If passed by the New York Assembly and signed by the Governor, the Act would be effective immediately upon its adoption.

The ASAP Act’s new 20 GW by 2035 goal marks an increase the PSC’s current 10 GW by 2030 goal. The Act further directs the PSC to issue an order authorizing additional funding for the continuation of the NY-Sun Program to meet that 20 GW goal and to ensure that the program “operates continuously, without interruption, until the distributed solar goal is reached.”

To reduce deployment costs, the ASAP Act also takes significant steps to address long-standing interconnection barriers to deployment.  

For instance, even though developers pay for all upgrades that are necessary to interconnect their project to the utility’s grid, they have a limited ability to control the costs or construction schedule for those upgrades. Under New York’s interconnection rules, the utility determines the scope and cost of any distribution grid infrastructure needed to permit the project to operate. The developer in practice has few options to challenge those project-specific findings or require less costly alternatives.

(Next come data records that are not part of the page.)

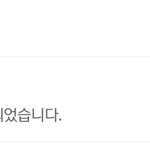 제노 <b>미나</b>가 만병통치약이네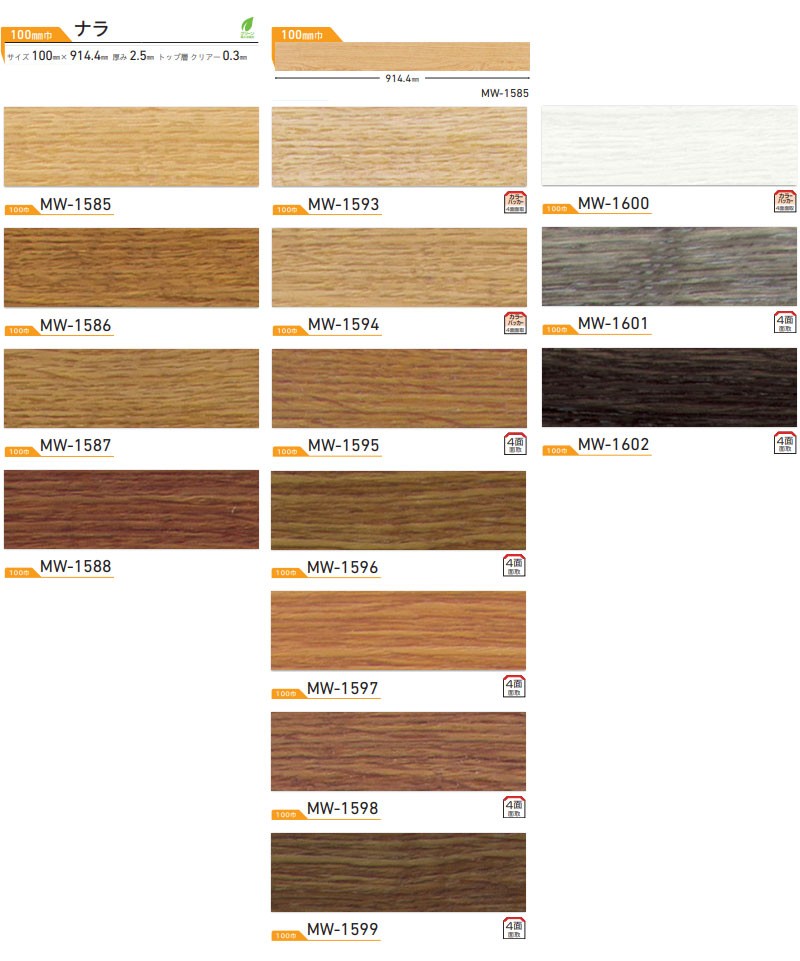 木目 フロアタイル ウッド シンコール 床材 マットネラ ナラ 100mm巾 MW-1585〜1602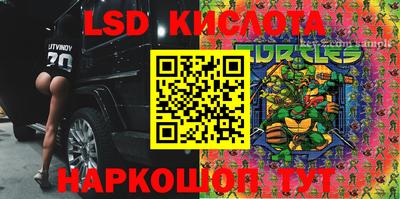 спиды Усть-Джегута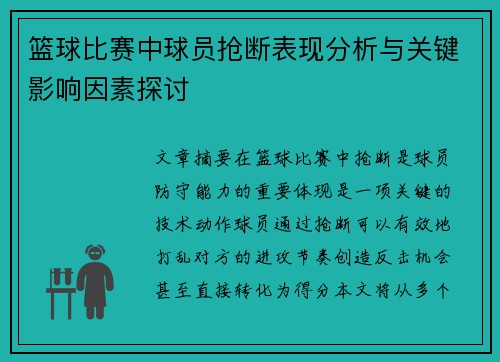 篮球比赛中球员抢断表现分析与关键影响因素探讨
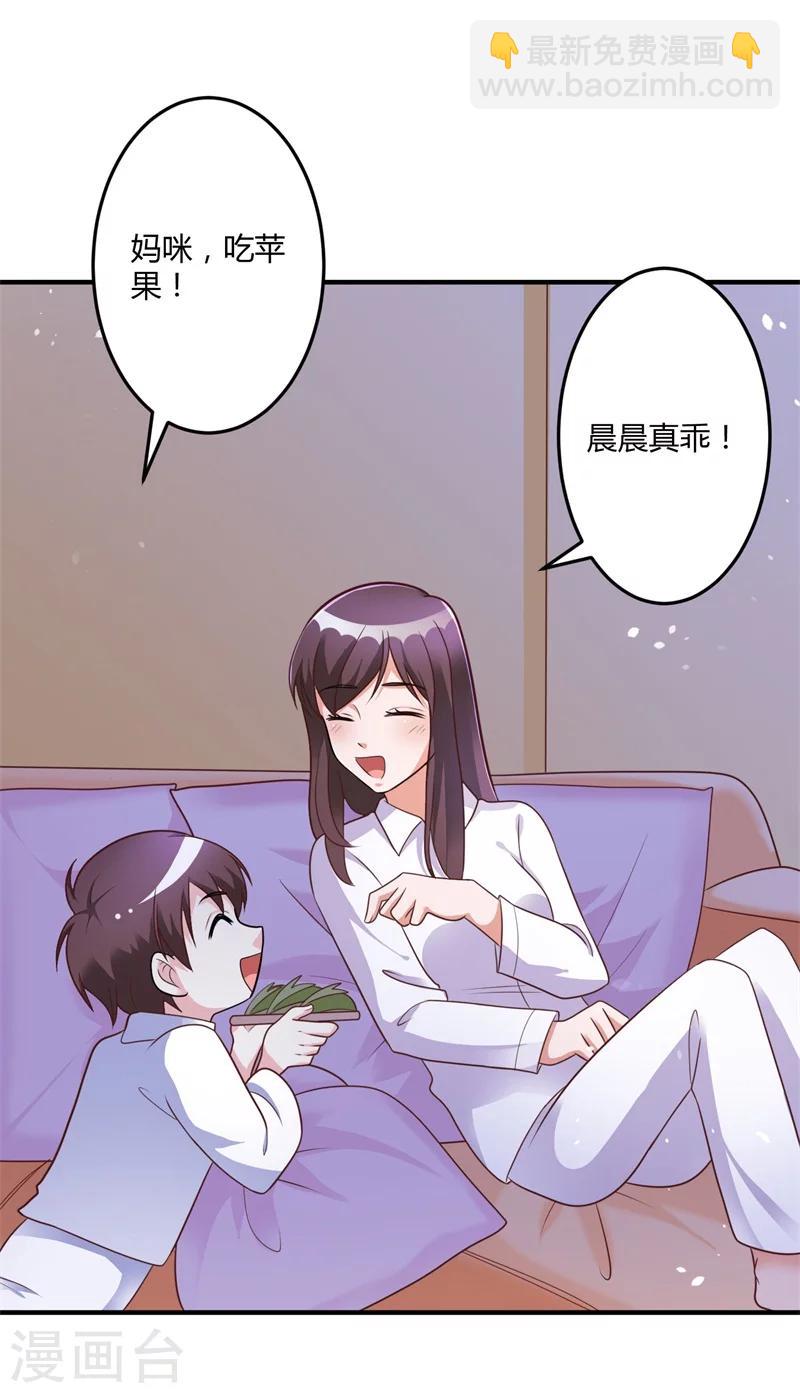 《总裁一吻好羞羞》第143话 我该拿你怎么办？ 第27页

Cost transparency and oversight are therefore essential to keep interconnection budgets in line and facilitate the sharing of cost-saving practices across utilities. The ASAP Act directs the PSC to issue an order mandating that all electric corporations file a report with the PSC itemizing the costs of grid upgrades needed to interconnect new DERs. These reports will become the basis for future distribution upgrade cost estimates. The PSC must also consider proposals to create greater cost certainty for distribution upgrades to limit the risk of uncapped utility cost overruns and must issue an order on the subject within 180 days of the effective date of the ASAP Act. 

The ASAP Act also gives the PSC one year to establish a statewide program for flexible interconnection, i.e., “the use of smart-grid technology to monitor and actively manage distributed energy resources.”  This technology could significantly increase DER hosting capacity by allowing the utility to prevent or curtail a project’s generation in rare situations where transformer banks or major electrical infrastructure are unavailable. Such situations could otherwise require constructing expensive substation upgrades to accommodate the project’s output, but if such risks can be addressed through curtailment or other forms of DER management, then more projects would be able to interconnect to the existing distribution grid at lower cost. For instance, NYSEIA and NY-BEST have noted in a recent filing that Con Edison could “significantly expand its available [battery energy storage system or “BESS”] hosting capacity by embracing direct transfer trip (“DTT”) or other tripping solutions to prevent BESS charging during contingency scenarios.” 

Finally, the PSC would also have to establish a defined distribution system voltage threshold of 69KV, excluding lines under Federal Regulatory Energy Commission jurisdiction. Resources owned by electric corporations with a voltage at or below 69KV will be considered distribution for the purposes of DER interconnection and compensation. This could allow more DER projects to obtain retail rate compensation, such as through the Value of Distributed Energy Resources (“VDER”) tariff.

Taken together, this suite of interconnection reforms could improve one of the major cost risks for DERs and thereby reduce the amount of NY-Sun needed to achieve the 20 GW goal.